##### Data under study #####
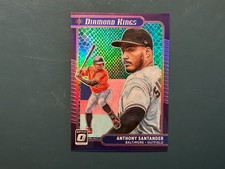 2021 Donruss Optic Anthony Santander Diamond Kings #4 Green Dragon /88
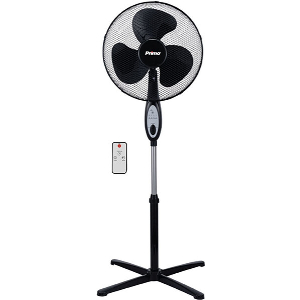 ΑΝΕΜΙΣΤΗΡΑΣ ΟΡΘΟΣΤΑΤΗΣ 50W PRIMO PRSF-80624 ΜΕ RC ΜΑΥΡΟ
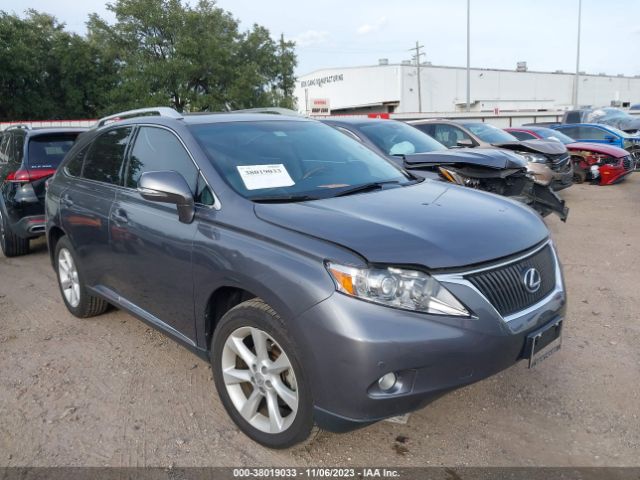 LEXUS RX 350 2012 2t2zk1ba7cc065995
#####
##### Data under study #####
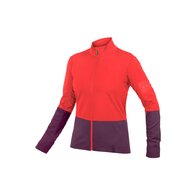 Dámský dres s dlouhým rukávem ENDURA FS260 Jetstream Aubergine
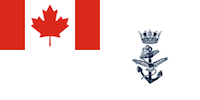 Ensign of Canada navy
#####
##### Data under study #####
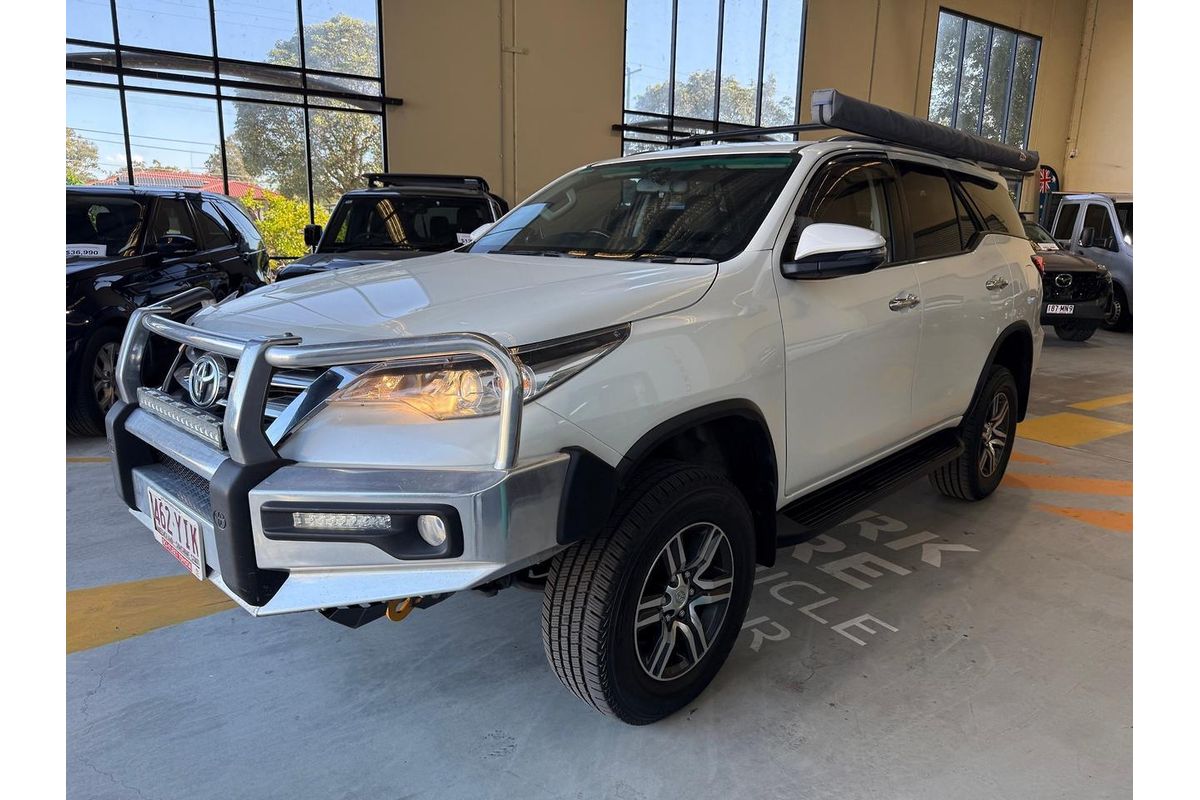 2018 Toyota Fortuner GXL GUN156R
#####
• [Problem to solve] Exactly as written above, retype the lines starting at the one holding "Dámský dres s" and ending at the one holding "Ensign of Canada navy", both included, but not the pictures.

• [Answer to this problem]
 Dámský dres s dlouhým rukávem ENDURA FS260 Jetstream Aubergine
 Ensign of Canada navy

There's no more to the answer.